La tortue et les deux hérons
Sur les bords d'un lac tranquille, trois amis vivaient en paix. Deux
hérons cendrés nommés Tching et Tchang, et une dame tortue d'un âge
avancé, Pi-Houan.
Or un été, ils connurent une sécheresse terrible. Une période de famine s'annonçait. Un soir, les trois amis tinrent conseil :
"Nous devons partir vers le nord, déclara Tching, il faut nous envoler loin d'ici dès demain !
- Allons voir des cieux nouveaux", dit Tchang
Mais une voix coupante l'interrompit brutalement :
"Et moi ! ! s'exclamait Pi-Houan, indignée. Comment vais-je partir ?"
Les deux hérons se regardèrent, contrits. C'est vrai, se dirent-ils,
nous ne pouvons laisser ici notre vieille amie, qui serait vouée à une
mort certaine. Mais comment l'emmener ?
"Il faut trouver une solution", dit Tching.
Ils tinrent conciliabule.
- Chère vieille amie, je suis d'accord avec vous, mais comment vous transporter ? Il s'agit d'un long voyage ! soupira Tching.
- Et vous êtes lourde, dame Pi-Houan, plaisanta Tchang. Je me souviens,
l'été dernier, quand vous vous êtes posée sur mon pied ! Aïe...
- J'ai peut-être une solution, dit Tching, nous pourrions couper un
solide bâton, nous le tiendrions, Tchang et moi, chacun par un bout,
Pi-Houan le mordrait en son milieu...
- Bravo, fit Tchang. C'est une idée remarquable, et dame Pi-Houan ne nous rompra pas la tête avec son bavardage !"
"Dame Pi-Houan, insista Tching, surtout n'ouvrez pas la bouche, nous
volerons à haute altitude, et malgré votre carapace, si vous tombiez,
vous vous briseriez les reins !"
La tortue acquiesça d'un hochement de tête.
Une heure plus tard, les trois amis s'envolaient. Au milieu de
l'après-midi, des paysans qui travaillaient dans les champs aperçurent
leur étrange équipage : "Voyez cette tortue, comme elle est
intelligente ! s'exclamèrent-ils. Elle se fait transporter par deux
hérons !"
Pi-Houan se garda bien de répondre, mais, tout en mordant le bâton avec énergie, elle savourait les compliments.

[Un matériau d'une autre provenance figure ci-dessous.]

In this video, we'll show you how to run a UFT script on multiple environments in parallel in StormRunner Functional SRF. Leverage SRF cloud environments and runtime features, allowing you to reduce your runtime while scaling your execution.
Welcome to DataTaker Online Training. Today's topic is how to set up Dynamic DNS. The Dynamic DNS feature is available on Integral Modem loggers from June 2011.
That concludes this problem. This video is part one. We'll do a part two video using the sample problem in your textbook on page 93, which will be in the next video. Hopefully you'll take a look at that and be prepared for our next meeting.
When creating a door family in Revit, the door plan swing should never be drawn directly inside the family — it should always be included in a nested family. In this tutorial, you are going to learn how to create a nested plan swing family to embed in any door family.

Les deux hérons poursuivaient leur vol régulier, mais la fatigue
commençait d'engourdir leurs ailes. Ils avaient hâte de trouver une
rivière, un lac paisible, près duquel se poser.
Comme ils passaient au-dessus d'une prairie, des petits bergers les
montrèrent du doigt. Dame Pi-Houan, qui ne se lassait pas des
compliments, tendit l'oreille :
"Regardez ces deux hérons, disait un jeune garçon, ils emmènent cette
balourde de tortue, sans doute pour agrémenter leur repas du soir,
comme ils sont intelligents !
- Stupides bergers, vous n'y comprenez rien !" voulut s'écrier
Pi-Houan. Mais à peine avait-elle ouvert la bouche qu'elle lâchait le
bâton, et s'écrasait sur le sol, la carapace éclatée.

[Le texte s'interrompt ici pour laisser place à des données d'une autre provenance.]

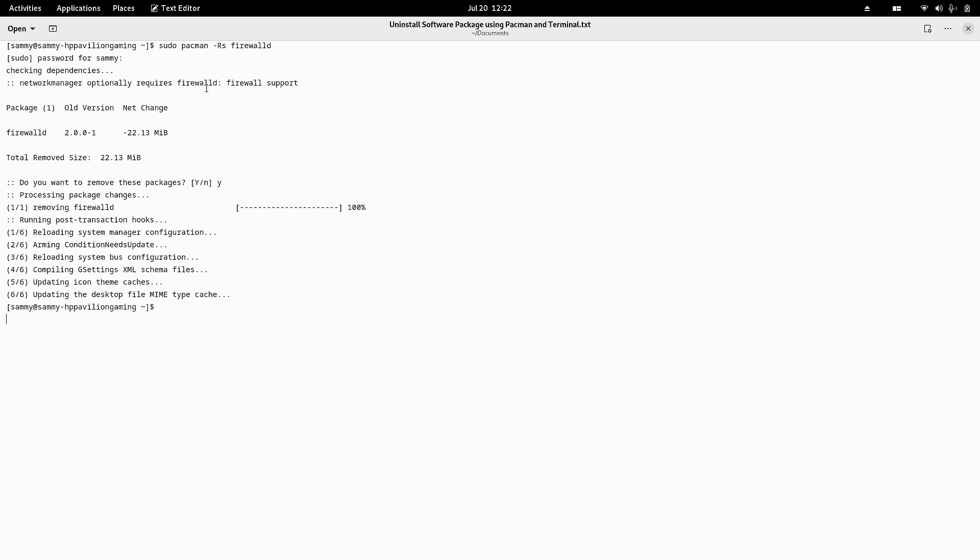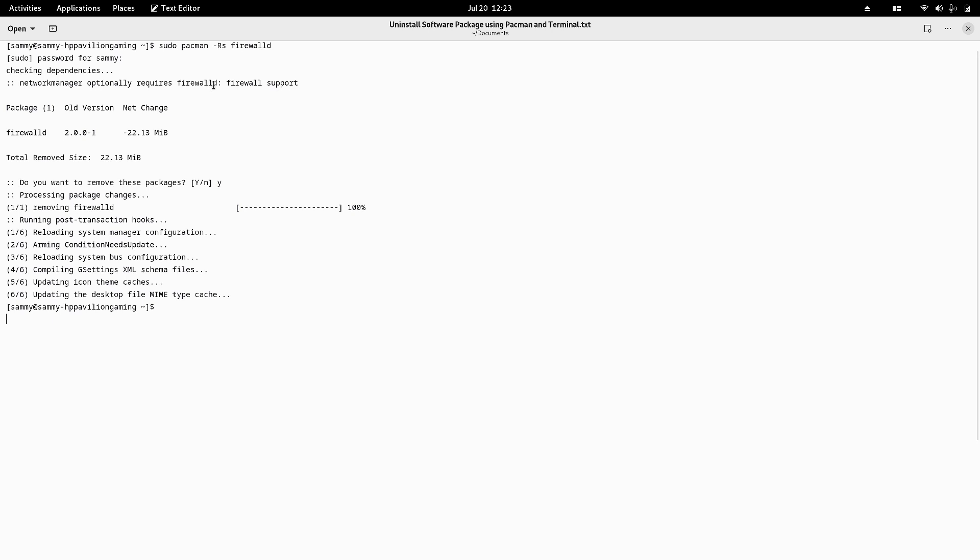Network manager can work in conjunction with firewalld - that is, firewall support for network manager. They can work normally in conjunction with each other. This is an information message, not exactly a warning, because network manager can work without firewalld, but it optionally requires firewalld because many people use the firewall.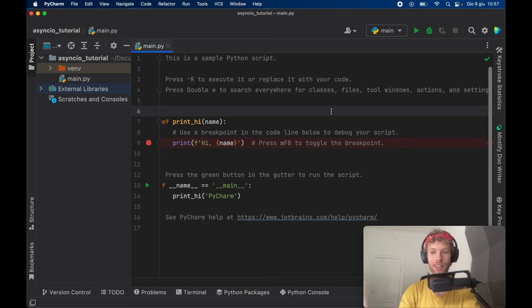How's it going, guys? In today's lesson, we're going to be going over asynchronous programming in Python. We're going to be using async IO, which is a package included with Python, the vanilla version.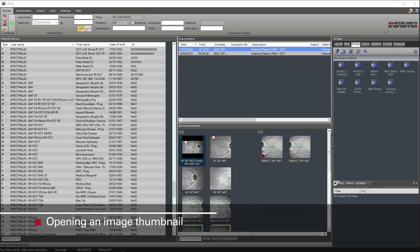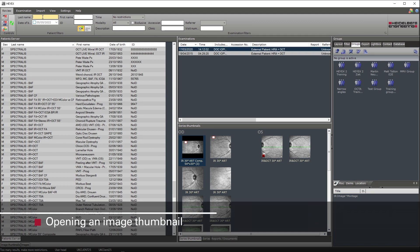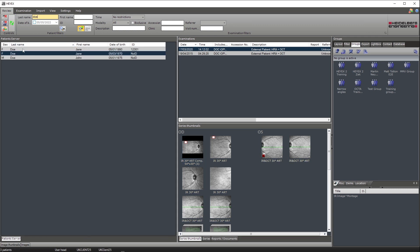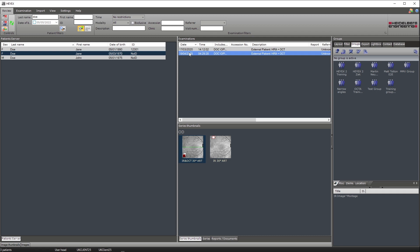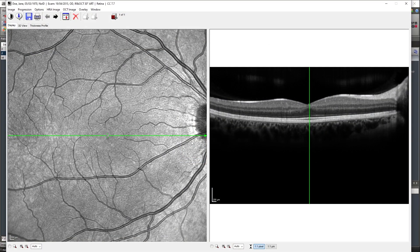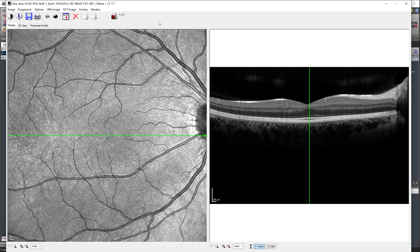To open a patient's scan, select the patient required within the patient server, then select the examination date you wish to review. Once selected, double click on the thumbnail of the scan you wish to review. Once double clicked, the scan will open in the reviewing software.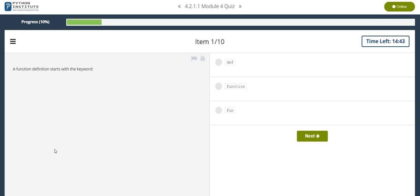Hello friends, welcome. Today we are going to discuss the solutions of module 4 RISP, the programming essentials in Python.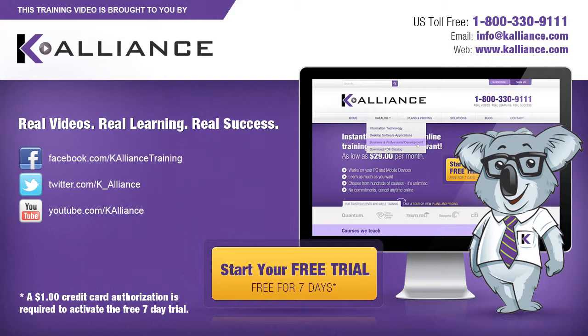Be sure to like us on Facebook, follow us on Twitter, and subscribe to our YouTube channel. Thank you for watching, and we hope you learned something new. Real videos, real learning, real success.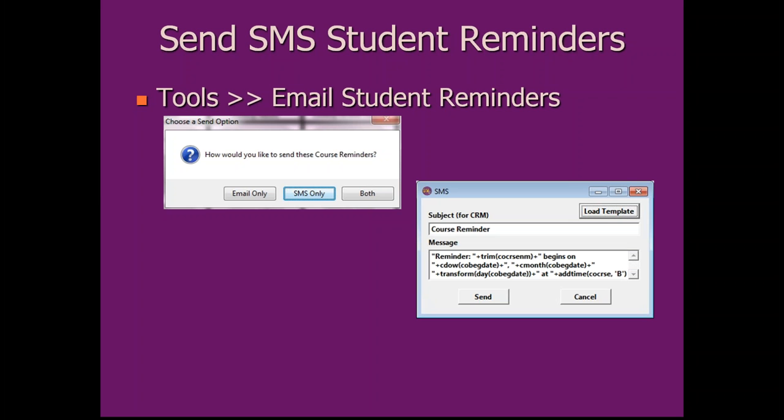Question: Can students reply to the SMS message? Yes, they can reply, and that reply goes into the Twilio system. You can set up an autoresponder in Twilio saying something like 'This account is unmonitored — if you need to reach us, please call 800-925-2493.' Alternatively, someone can periodically log in to Twilio to review student replies.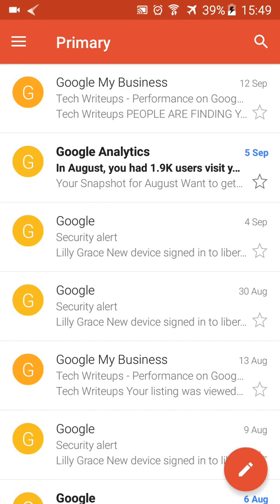Hello and welcome to OnlineQues, the YouTube channel for your online queries. In this video I'll show you how you can sign out of the Gmail app on your mobile phone.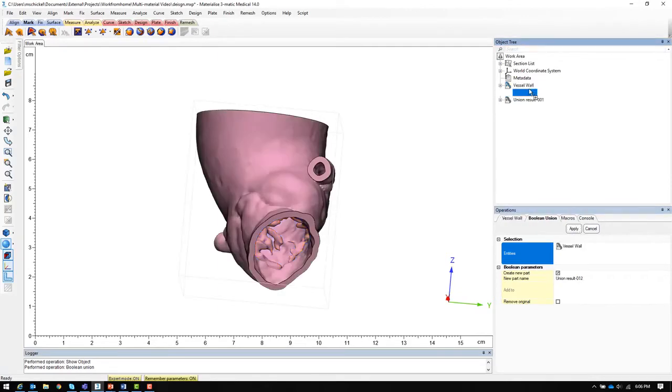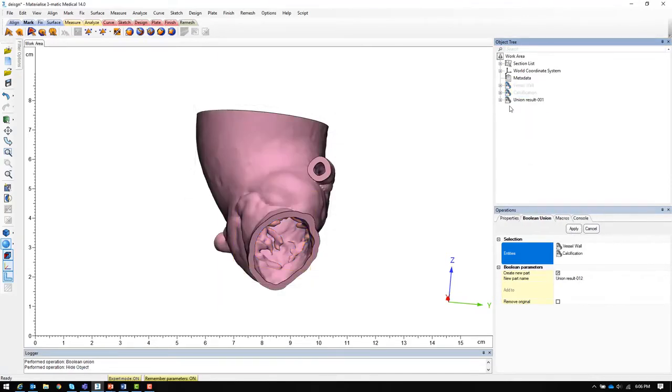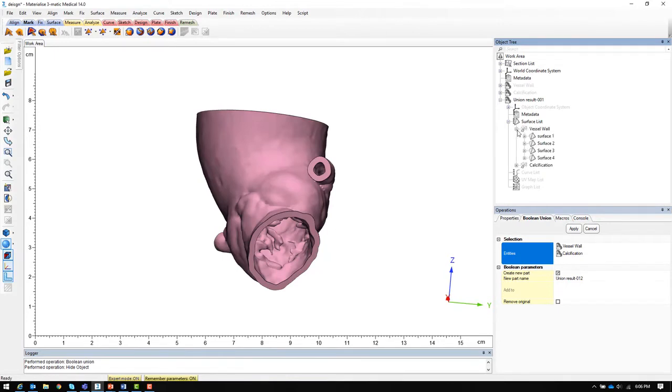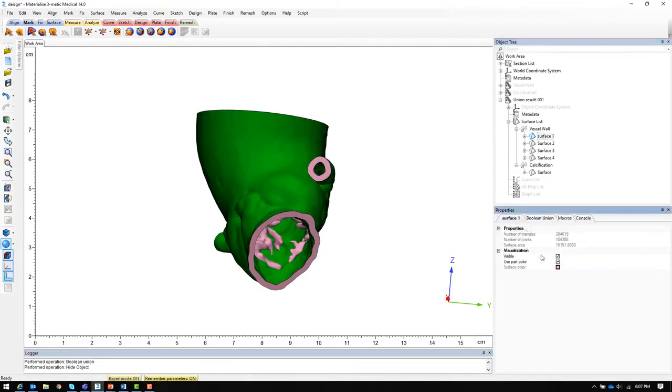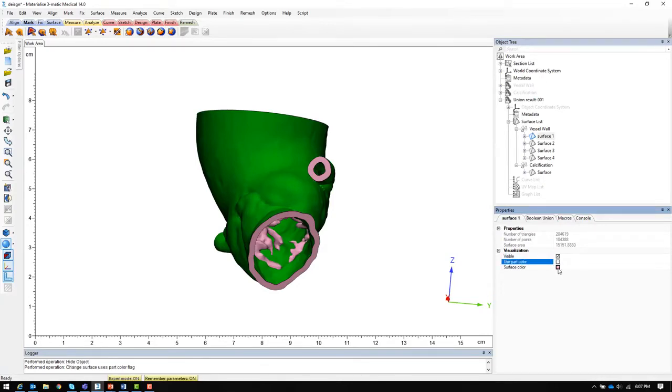The resulting model will contain multiple surfaces which each can have a separate surface color assigned. To assign surface color, select a surface, go to the surface properties, turn off use part color, and select the surface color you would like to use.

Le sage, dit le maître du Zen, accueille d'un coeur égal la flatterie
ou le mépris. Nul ne peut nous agresser moralement sans notre
consentement, c'est nous qui ouvrons les écluses au chagrin. Aucune
injure ne pouvait faire lâcher prise à la tortue. L'insulte, le mépris,
l'anathème représentent l'opinion de celui qui les profère, c'est son
problème, pas le nôtre. Il se peut au demeurant que le blâme soit
justifié, nous l'acceptons comme tel. Qui est parfait ? Il se peut
aussi qu'il soit erroné, partial, injuste, nous le laissons dans la
bouche de celui qui l'a prononcé. Notre paix, notre destin sont entre
nos mains. "Entre nos dents", bougonne le fantôme de la tortue.